PORTLAND, Ore. -- Gritty ash from Mount St. Helens dusted the Portland area early today, moved southwest to sprinkle the northern edge of Salem and spread about 150 miles to the Pacific coast.
State Police advised motorists to reduce their speeds on major highways.
Before the morning rush hour no major problems had been reported as a result of the ash but police said some ash was being blown up by traffic in the metropolitan area. A heavy fog was causing more problems for motorists than the ash, police said.
A spokesman for Tri-Met said buses were moving normally through the layer of ash.
The ash cloud reached as far as Lincoln City and Newport, about 150 miles away.
Three hours after the volcano erupted at 10 p.m. Thursday, ash began falling in north Portland, 50 miles southwest of the mountain. Very light amounts fell in the downtown area; the suburban areas southwest of Portland received slightly more ash.
'You can see it laying on the street, but it's not covering up the lane markers,' a Beaverton police officer reported.
State police said the gritty, sand-like ash was kicked up by cars and mixed with ground fog, reducing visibility to about 100- to 150-feet in some areas.
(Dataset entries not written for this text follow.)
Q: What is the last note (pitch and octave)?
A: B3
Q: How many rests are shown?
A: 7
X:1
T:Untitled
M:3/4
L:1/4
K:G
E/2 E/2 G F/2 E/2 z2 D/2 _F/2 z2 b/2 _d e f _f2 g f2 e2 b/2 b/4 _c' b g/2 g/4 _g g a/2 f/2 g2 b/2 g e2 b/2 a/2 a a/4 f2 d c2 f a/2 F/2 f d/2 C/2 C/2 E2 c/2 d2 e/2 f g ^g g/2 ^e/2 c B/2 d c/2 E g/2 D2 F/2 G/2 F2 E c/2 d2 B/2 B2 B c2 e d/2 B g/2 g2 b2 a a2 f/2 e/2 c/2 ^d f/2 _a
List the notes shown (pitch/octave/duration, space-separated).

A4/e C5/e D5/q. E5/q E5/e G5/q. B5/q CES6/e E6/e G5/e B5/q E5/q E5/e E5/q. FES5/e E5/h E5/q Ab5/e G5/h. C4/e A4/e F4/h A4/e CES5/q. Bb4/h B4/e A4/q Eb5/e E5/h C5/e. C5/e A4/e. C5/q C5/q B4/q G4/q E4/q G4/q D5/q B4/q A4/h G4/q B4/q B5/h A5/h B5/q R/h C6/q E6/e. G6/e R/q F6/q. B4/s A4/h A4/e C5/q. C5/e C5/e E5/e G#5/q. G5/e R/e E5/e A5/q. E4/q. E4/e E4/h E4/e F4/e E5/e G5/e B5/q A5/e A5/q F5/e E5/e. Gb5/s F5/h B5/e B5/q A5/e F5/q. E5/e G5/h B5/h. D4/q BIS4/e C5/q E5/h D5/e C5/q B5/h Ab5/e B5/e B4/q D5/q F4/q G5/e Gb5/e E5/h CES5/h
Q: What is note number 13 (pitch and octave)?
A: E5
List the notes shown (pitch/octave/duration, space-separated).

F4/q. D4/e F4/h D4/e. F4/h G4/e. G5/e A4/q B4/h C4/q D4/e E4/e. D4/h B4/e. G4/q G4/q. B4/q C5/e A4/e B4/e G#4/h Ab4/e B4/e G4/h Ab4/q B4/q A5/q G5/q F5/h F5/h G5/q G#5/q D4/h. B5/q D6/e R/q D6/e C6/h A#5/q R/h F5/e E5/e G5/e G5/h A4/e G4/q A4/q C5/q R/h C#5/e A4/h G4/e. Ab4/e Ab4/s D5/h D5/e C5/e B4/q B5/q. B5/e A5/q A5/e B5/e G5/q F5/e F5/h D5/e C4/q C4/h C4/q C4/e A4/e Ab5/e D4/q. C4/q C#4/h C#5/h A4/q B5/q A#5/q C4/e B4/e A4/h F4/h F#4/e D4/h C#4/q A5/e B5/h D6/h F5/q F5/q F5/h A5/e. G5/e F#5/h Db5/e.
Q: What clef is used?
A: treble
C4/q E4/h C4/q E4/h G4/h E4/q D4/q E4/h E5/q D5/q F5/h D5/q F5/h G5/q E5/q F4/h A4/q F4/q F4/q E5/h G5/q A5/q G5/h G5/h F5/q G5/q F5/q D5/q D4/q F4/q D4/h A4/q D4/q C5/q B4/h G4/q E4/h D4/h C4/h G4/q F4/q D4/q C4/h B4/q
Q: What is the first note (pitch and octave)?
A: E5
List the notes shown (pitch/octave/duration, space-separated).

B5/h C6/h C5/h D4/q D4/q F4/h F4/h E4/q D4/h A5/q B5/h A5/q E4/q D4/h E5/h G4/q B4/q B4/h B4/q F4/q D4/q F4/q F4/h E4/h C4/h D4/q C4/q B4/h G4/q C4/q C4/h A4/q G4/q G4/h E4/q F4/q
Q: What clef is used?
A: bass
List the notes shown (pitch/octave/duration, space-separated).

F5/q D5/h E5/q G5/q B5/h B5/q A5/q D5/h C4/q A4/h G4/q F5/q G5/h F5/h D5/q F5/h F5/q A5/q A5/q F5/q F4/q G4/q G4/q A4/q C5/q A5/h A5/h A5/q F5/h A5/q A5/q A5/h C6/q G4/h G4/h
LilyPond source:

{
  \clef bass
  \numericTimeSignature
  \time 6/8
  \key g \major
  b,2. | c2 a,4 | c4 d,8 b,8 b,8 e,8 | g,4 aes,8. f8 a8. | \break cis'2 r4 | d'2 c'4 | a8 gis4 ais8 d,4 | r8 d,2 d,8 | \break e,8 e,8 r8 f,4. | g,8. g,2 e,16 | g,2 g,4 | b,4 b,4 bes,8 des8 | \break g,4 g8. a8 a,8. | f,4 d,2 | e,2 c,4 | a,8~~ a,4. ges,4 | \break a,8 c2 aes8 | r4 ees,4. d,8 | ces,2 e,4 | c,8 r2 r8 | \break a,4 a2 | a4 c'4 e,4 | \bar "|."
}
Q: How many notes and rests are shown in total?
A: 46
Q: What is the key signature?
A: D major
Travelers were advised to keep their speed below 45 mph on area freeways.
The fallout began about 1 a.m. in north Portland, and stopped about 1:40 a.m. The cloud of ash moved slowly to the southwest, dusting suburban areas which were hit hard by the ash in late May and early June.
Those earlier eruptions caused extensive damage to berry crops which were just maturing when the fallout began.
The National Weather Service office in Portland issued an ash fallout warning for Clark County in Washington state, and Multnomah and Washington counties in Oregon.
Wind patterns indicated the ash might fall throughout much of western Oregon in an area east of a line from Mount St. Helens to North Bend on the coast, and west of a line from the volcano to Klamath Falls in southern Oregon, the weather service said.